Start of DATASET RECORDS

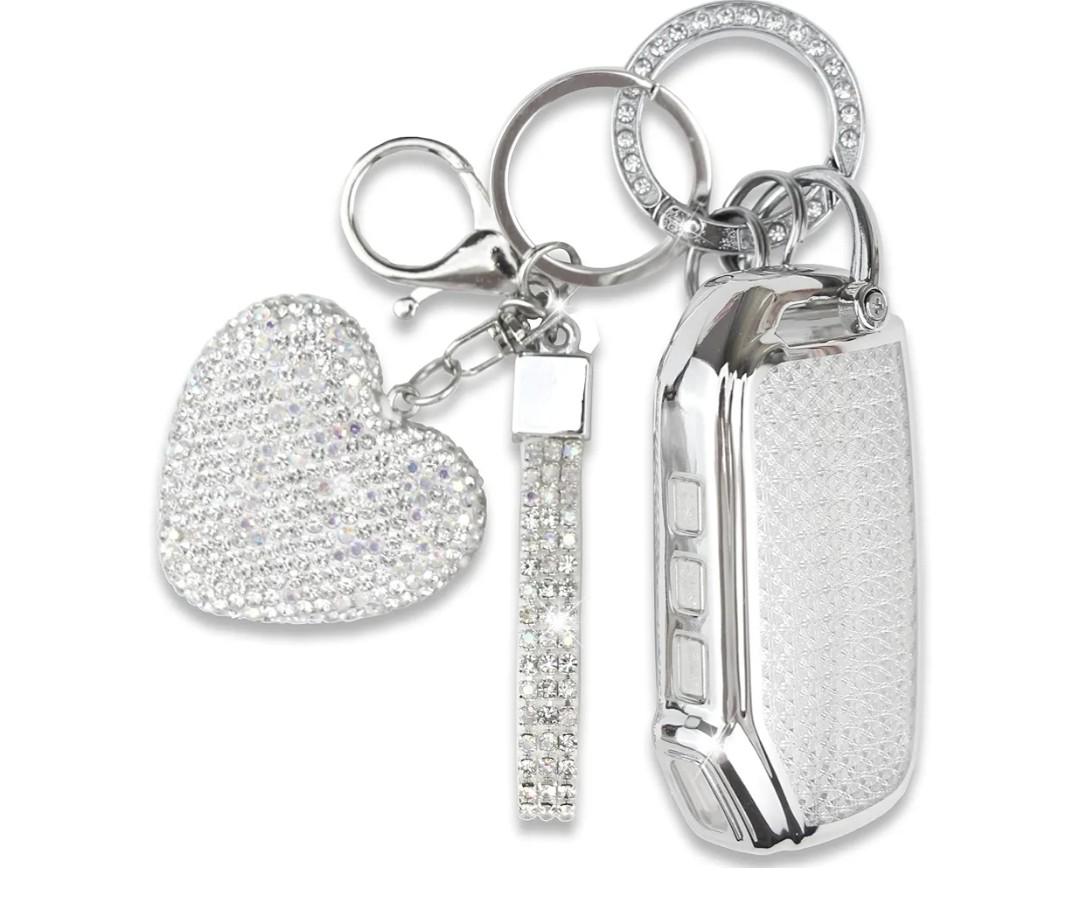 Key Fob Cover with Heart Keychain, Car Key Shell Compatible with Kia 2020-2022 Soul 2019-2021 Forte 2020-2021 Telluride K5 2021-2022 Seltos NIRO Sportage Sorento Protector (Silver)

End of DATASET RECORDS
Start of DATASET RECORDS

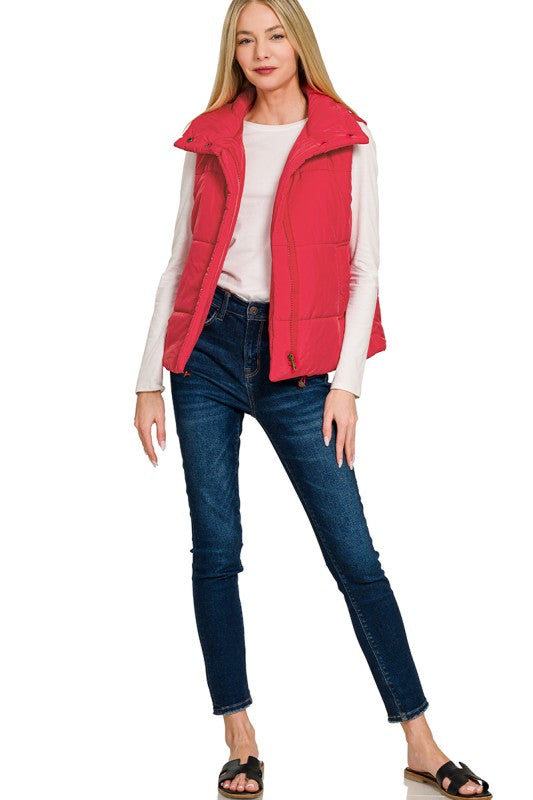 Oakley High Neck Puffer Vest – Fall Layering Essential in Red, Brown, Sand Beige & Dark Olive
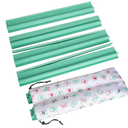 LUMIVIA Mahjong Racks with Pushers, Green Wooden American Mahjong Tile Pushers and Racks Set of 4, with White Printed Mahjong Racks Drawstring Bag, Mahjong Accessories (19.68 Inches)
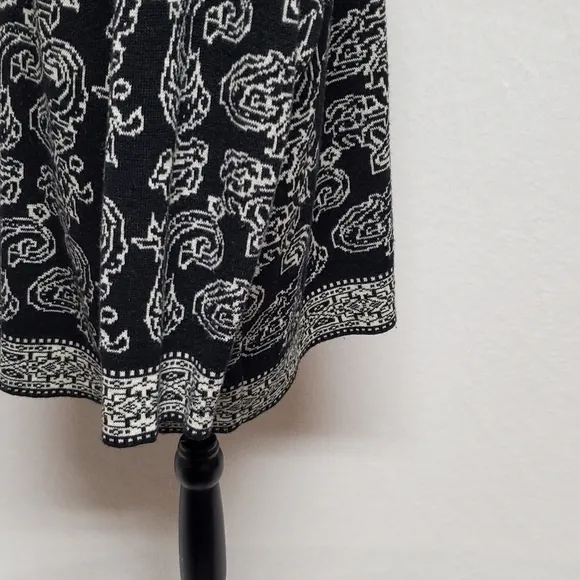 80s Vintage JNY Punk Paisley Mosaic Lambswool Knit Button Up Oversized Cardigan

End of DATASET RECORDS
Start of DATASET RECORDS

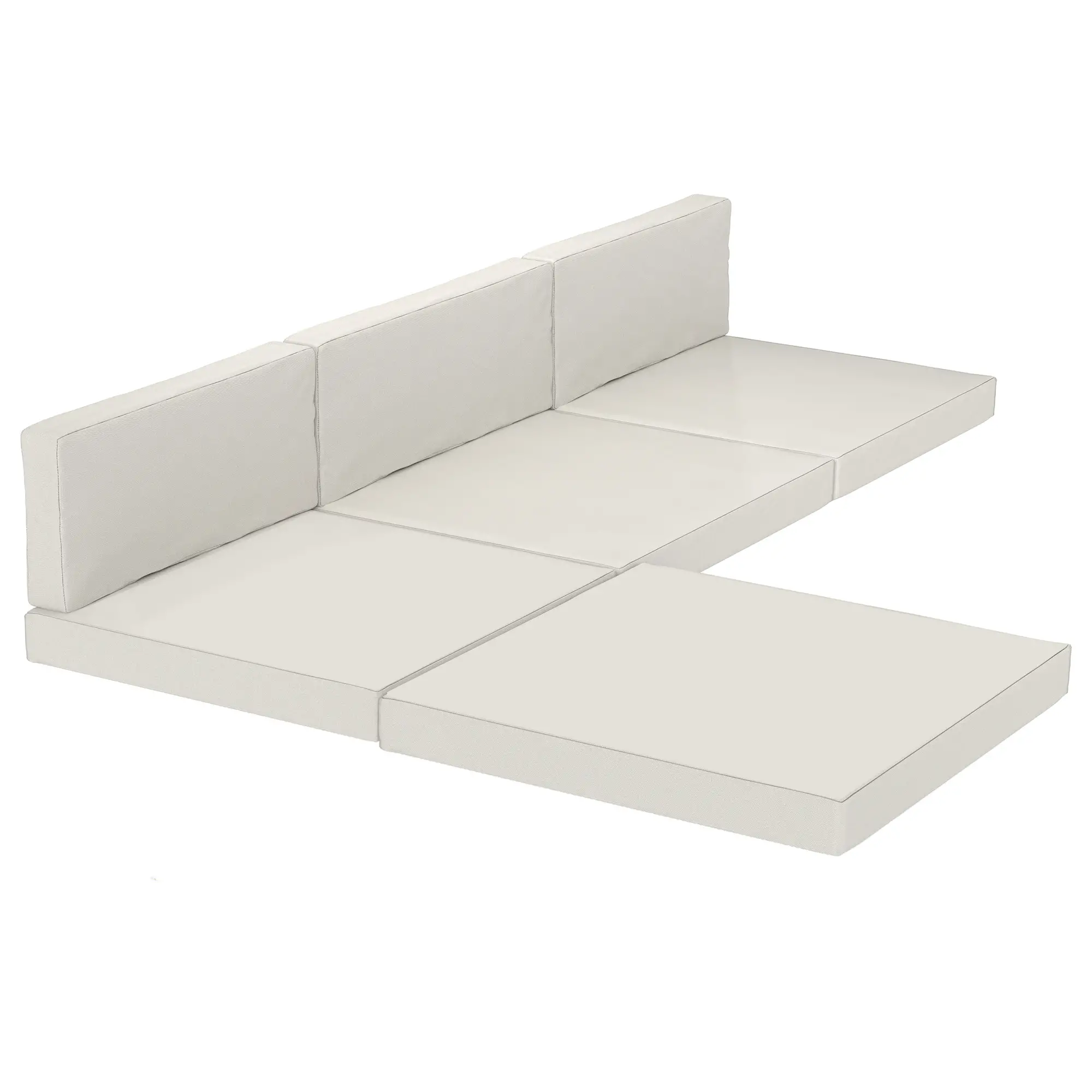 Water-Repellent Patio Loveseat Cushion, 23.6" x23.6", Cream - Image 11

End of DATASET RECORDS

EXERCISE PROMPT:
Both the line containing "Oakley High Neck" and the line containing "80s Vintage JNY" above belong in the output, as do the lines between them. Print them exactly, without pictures.

RESULT FOR THIS TASK:
 Oakley High Neck Puffer Vest – Fall Layering Essential in Red, Brown, Sand Beige & Dark Olive
 LUMIVIA Mahjong Racks with Pushers, Green Wooden American Mahjong Tile Pushers and Racks Set of 4, with White Printed Mahjong Racks Drawstring Bag, Mahjong Accessories (19.68 Inches)
 80s Vintage JNY Punk Paisley Mosaic Lambswool Knit Button Up Oversized Cardigan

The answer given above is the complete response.